PAUL JAY, SENIOR EDITOR, TRNN: Welcome back to Reality Asserts Itself on The Real News Network. I’m Paul Jay. And we’re continuing our discussion with Chris Hedges about his new book Wages of Rebellion. And Chris now joins us again in the studio. Thanks for joining us again.

CHRIS HEDGES, JOURNALIST, ACTIVIST, AND AUTHOR: Thank you.

JAY: So Chris is a Pulitzer Prize-winning journalist. His new book is Wages of Rebellion: The Moral Imperative of Revolt. What do you think, what do you make of the significance of the events in Ferguson and Baltimore, the Black Lives Matter movement? To what extent does it change American politics? In the broadest sense of the word politics.

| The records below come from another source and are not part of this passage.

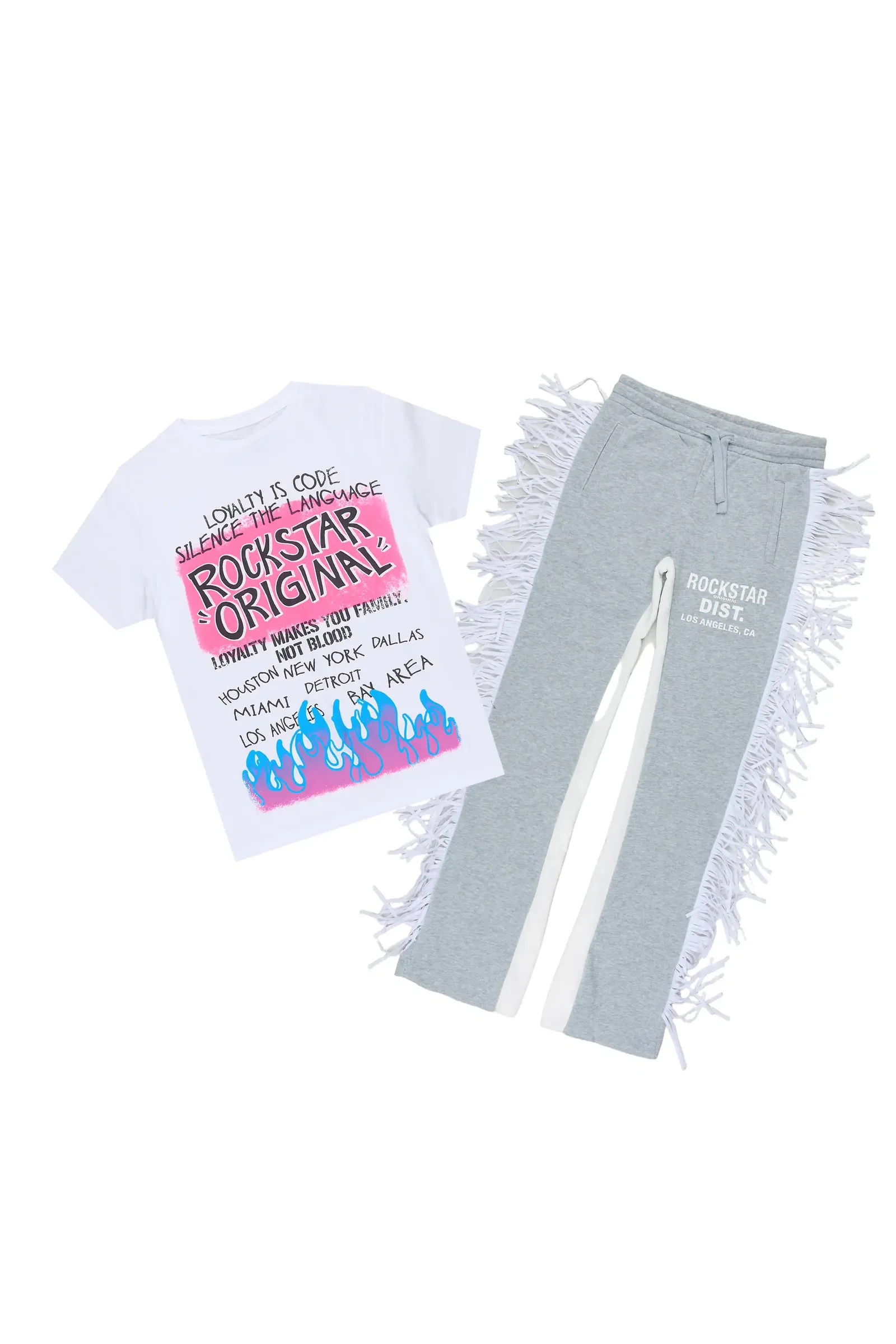 Image of Girls Briken White/Grey T-Shirt/Fringe Stacked Pant Set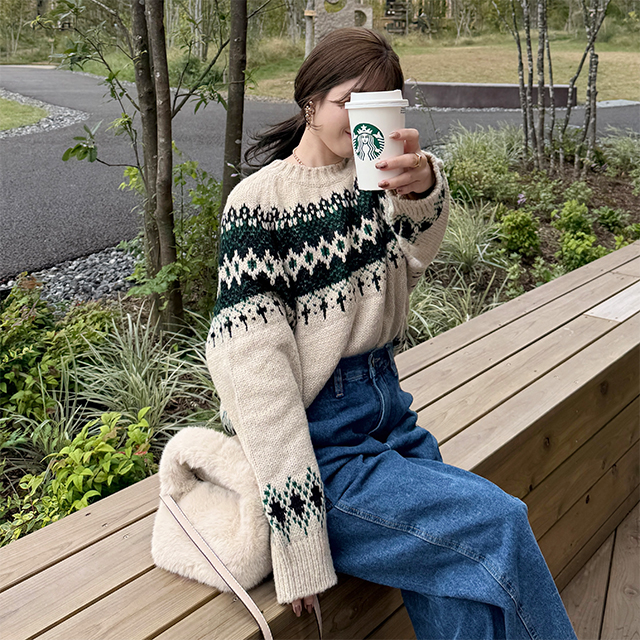 BATONER ノルディック柄 ニット サイズ2 レディース 2ly2 ニット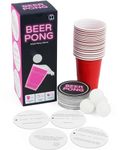 Prezey Full Beer Pong Set with 78 Dares - Drinking Games For Adults, Hen Party Games and Adult Games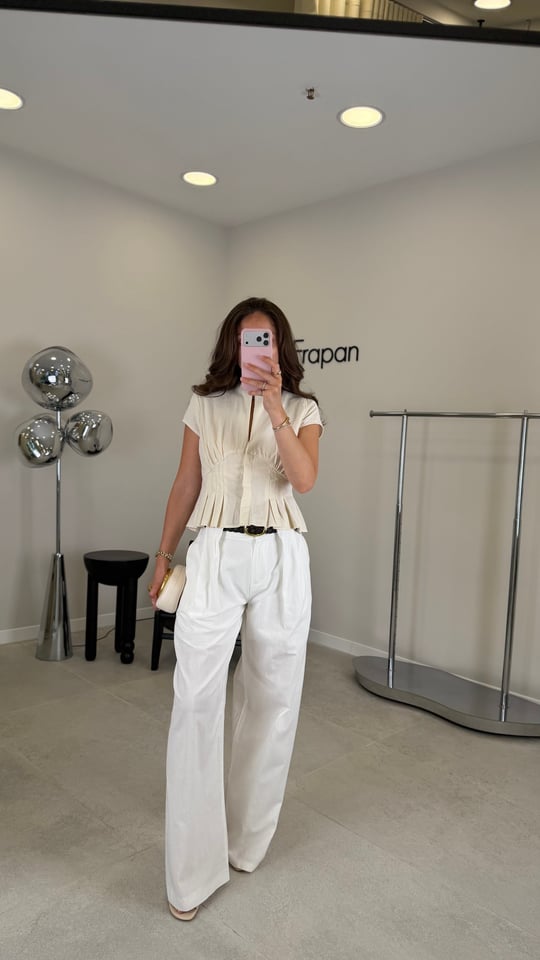 EKRU 3914 ÇİFT KEMER PANTOLON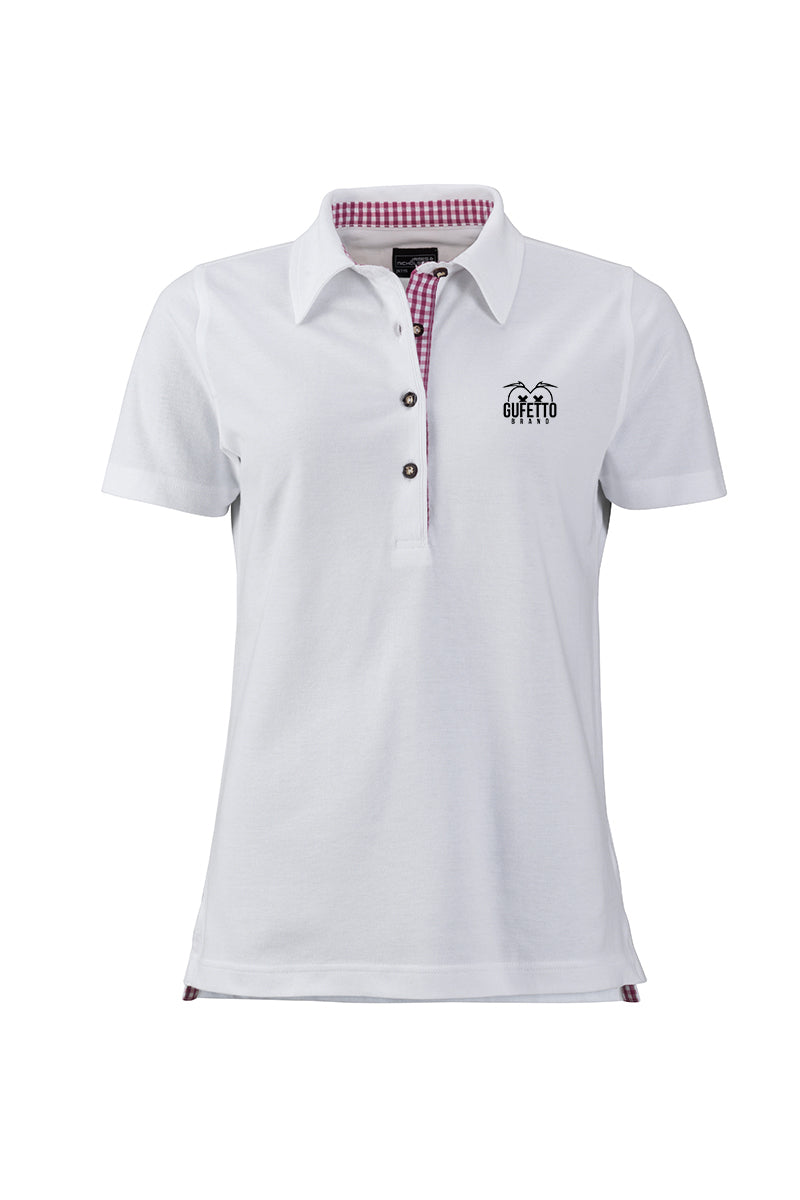Polo Donna White Gufetto Brand ( logo ricamato ) - Gufetto Brand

HEDGES: Well, it hasn’t affected the engine of white supremacy at all and the ability of the state to exercise lethal force against people of color. So you have marches through the streets of Baltimore, marches through the streets of Ferguson, and they keep shooting people right and left. The Washington Post ran a piece a couple of weeks ago that said that the numbers were all wrong, that this figure that we’ve been using of a person of color being shot every 28 hours, in fact it’s at least two a day, because it’s all self-reporting. A lot of these police report departments don’t even report. And it’s symptomatic of a corporate state that is either unable or unwilling to respond to the most basic demands of its citizenry, which is not to be murdered in the streets of it cities. We watch fellow citizens being choked to death by police and those police never being charged. Most of us have seen that video of Garner. And that is symptomatic of a state that has been completely hijacked by an elite and doesn’t give a damn. So whether it’s the TPP, which we’re not allowed to read, whether it’s police forces that are allowed to kill indiscriminately, whether it’s wholesale surveillance, whether it’s the bailouts of Wall Street, which no one wanted–I mean, constituent calls were 100 to 1 against those bailouts when they were proposed in 2008. It doesn’t matter what we want. It doesn’t matter what our rights are. And Black Lives Matter and the protests in the streets of American cities against what is a long tradition of white violence, systemic white violence, whether outside the structures of power or inside the structures of power against people of color, and in particular African Americans, there is no mechanism to impede it.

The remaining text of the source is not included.